- To do:
What's wanted is a faithful retyping of every entry, pictures excluded.

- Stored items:
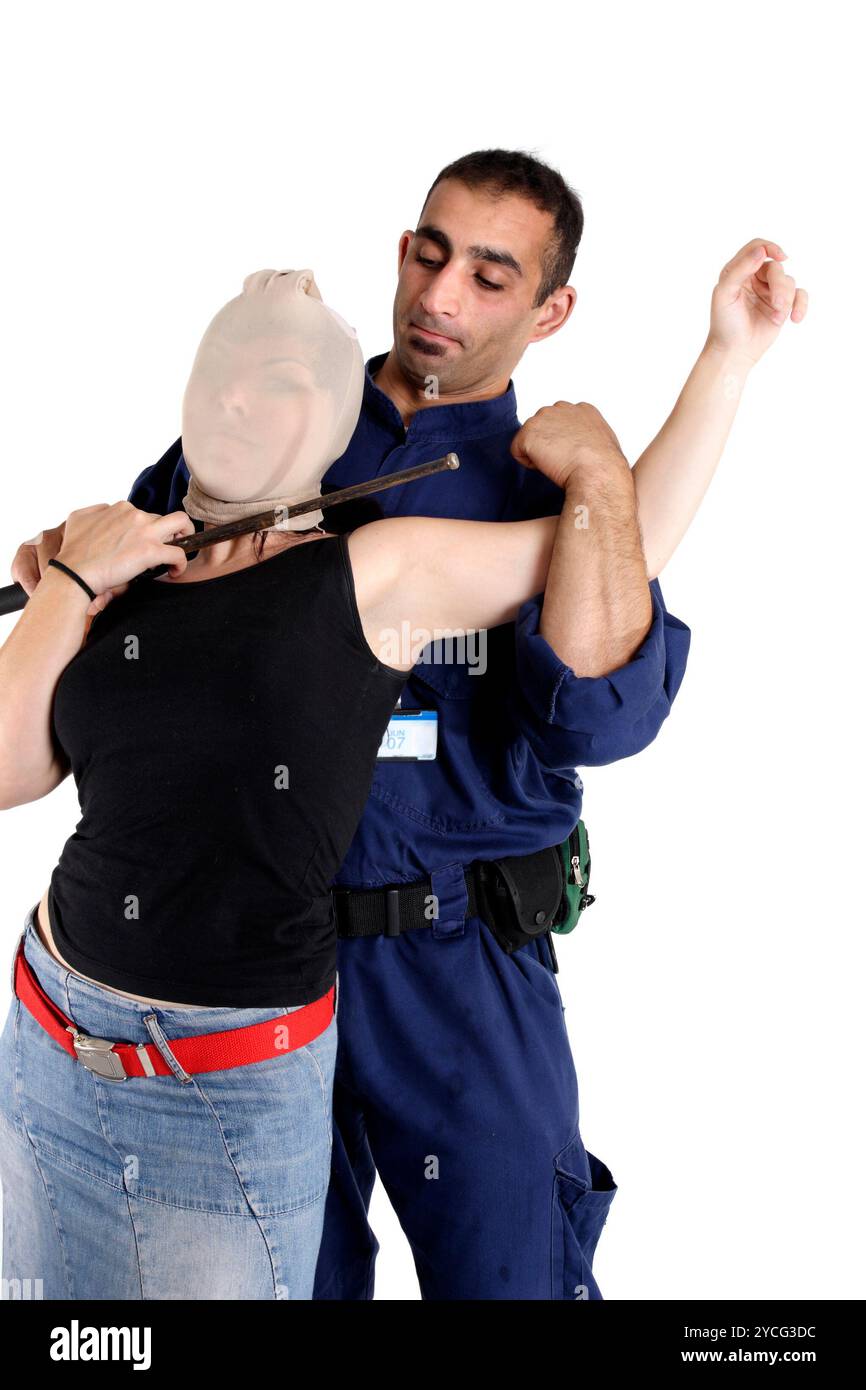 Arrestare un ladro o un criminale Foto Stock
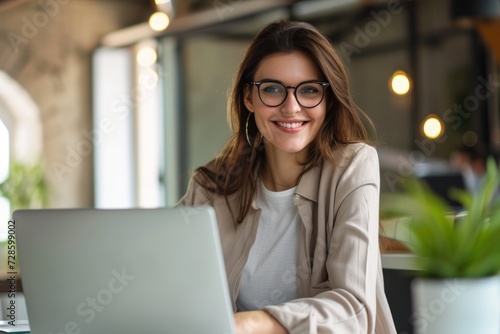 Woman Sitting in Front of Laptop Computer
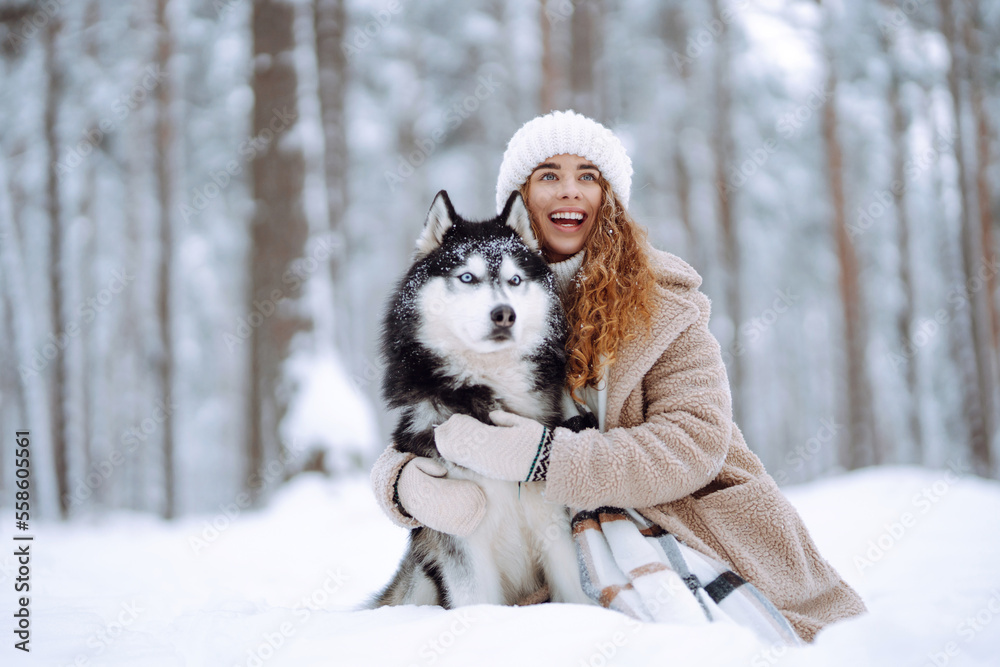 Happy woman walking her dog in the winter and both explore the snow together in playful mood. Friendship, pet and human. Happy woman walking her dog in the winter and both explore the snow together in playful mood. Friendship, pet and human.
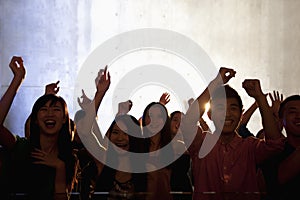 A crowd of young people dancing in a nightclub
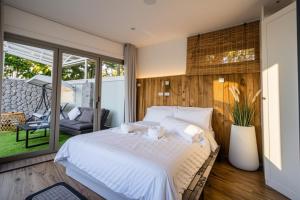 a bedroom with a large white bed and a patio at Absolute Oceanfront Tara Villa Beachfront 4 Bed in Ban Saiyuan (1) +92 photos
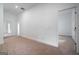 Bright bedroom with plush neutral carpeting and two entry doors at 1993 Reynolds Sw Dr, Atlanta, GA 30315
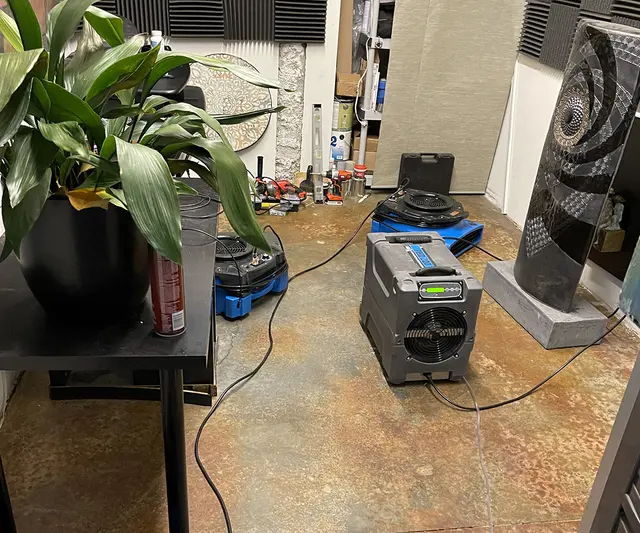 Dehumidifier and air mover drying a stained concrete floor in an Aliso Viejo room after the flooring came up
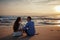 Two young lovers sitting on a beach and looking to each other on sunset background.sillhouette couple love.Romantic and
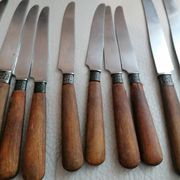 Old table knives and dessert knives, wooden handles, stainless steel blades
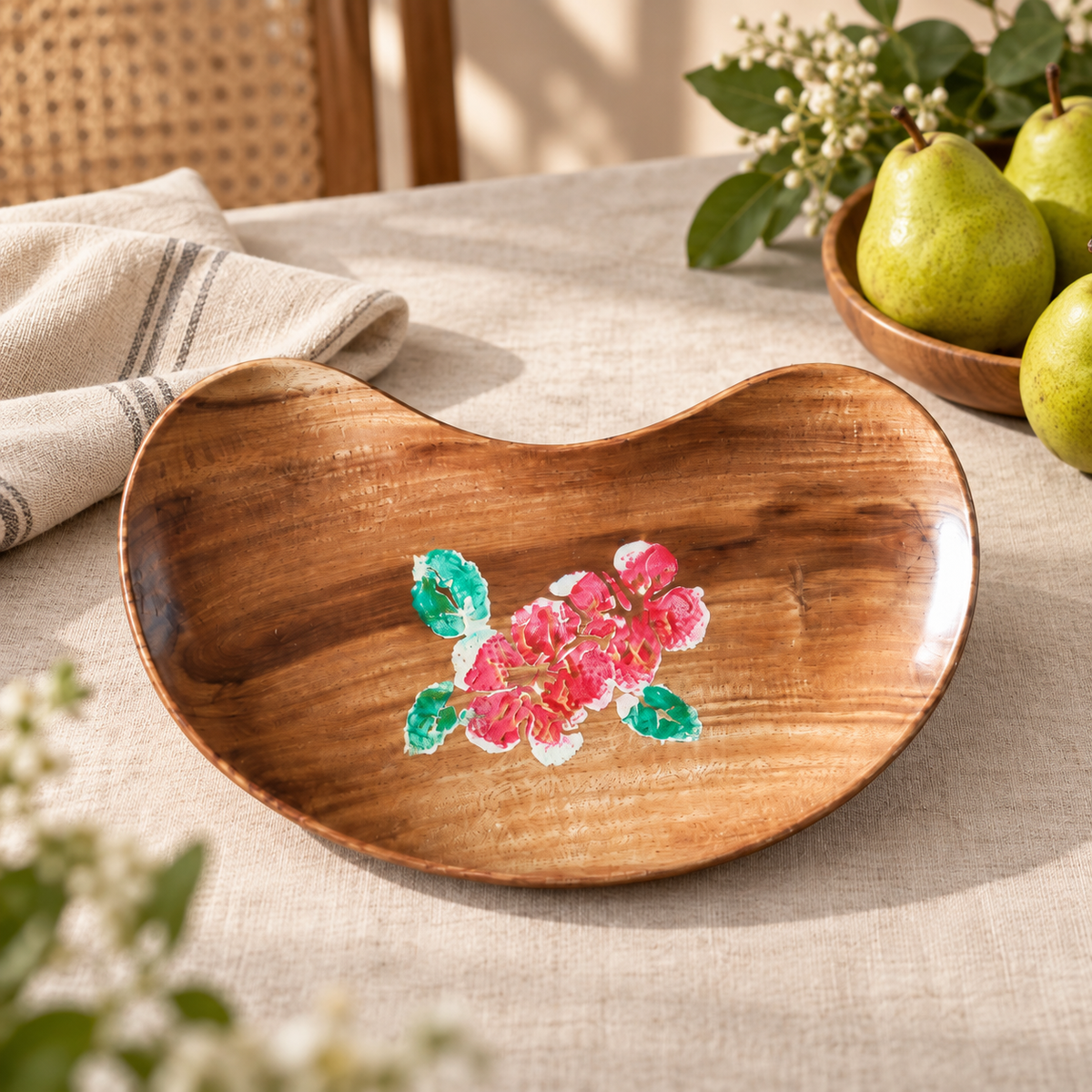 Brown wooden tray with pink floral detail styled with fruit and linen. hoWme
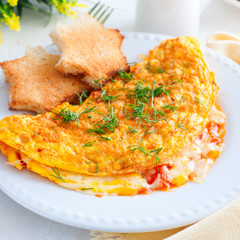Omelette with tomatoes and cheeses and toast, square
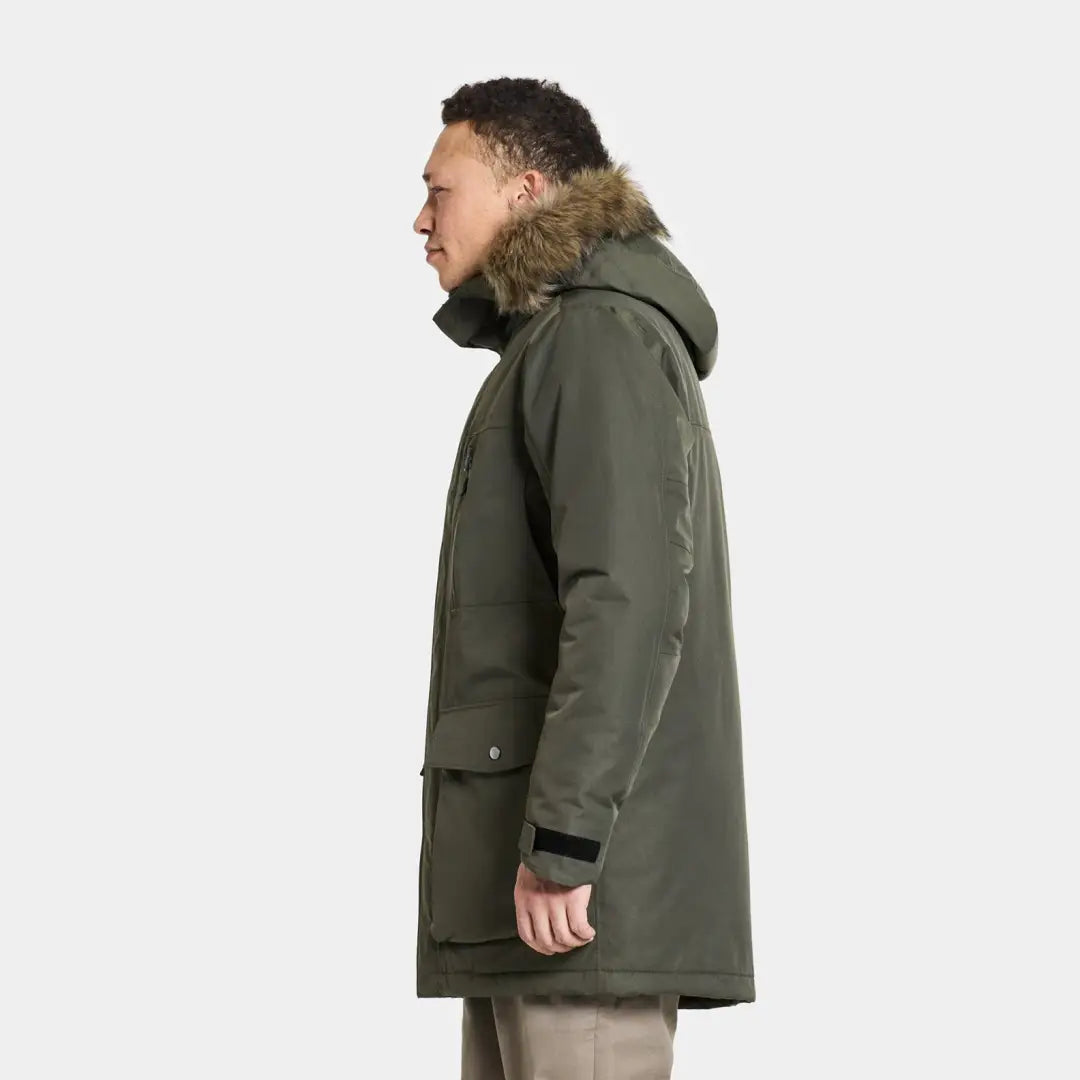 Green Didriksons Marco Parka 3 with fur hood, perfect for country clothing and outdoor adventures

- Answer to the exercise:
 Arrestare un ladro o un criminale Foto Stock
 Woman Sitting in Front of Laptop Computer
 Happy woman walking her dog in the winter and both explore the snow together in playful mood. Friendship, pet and human. Happy woman walking her dog in the winter and both explore the snow together in playful mood. Friendship, pet and human.
 A crowd of young people dancing in a nightclub
 a bedroom with a large white bed and a patio at Absolute Oceanfront Tara Villa Beachfront 4 Bed in Ban Saiyuan (1) +92 photos
 Bright bedroom with plush neutral carpeting and two entry doors at 1993 Reynolds Sw Dr, Atlanta, GA 30315
 Dehumidifier and air mover drying a stained concrete floor in an Aliso Viejo room after the flooring came up
 Two young lovers sitting on a beach and looking to each other on sunset background.sillhouette couple love.Romantic and
 Old table knives and dessert knives, wooden handles, stainless steel blades
 Brown wooden tray with pink floral detail styled with fruit and linen. hoWme
Omelette with tomatoes and cheeses and toast, square
 Green Didriksons Marco Parka 3 with fur hood, perfect for country clothing and outdoor adventures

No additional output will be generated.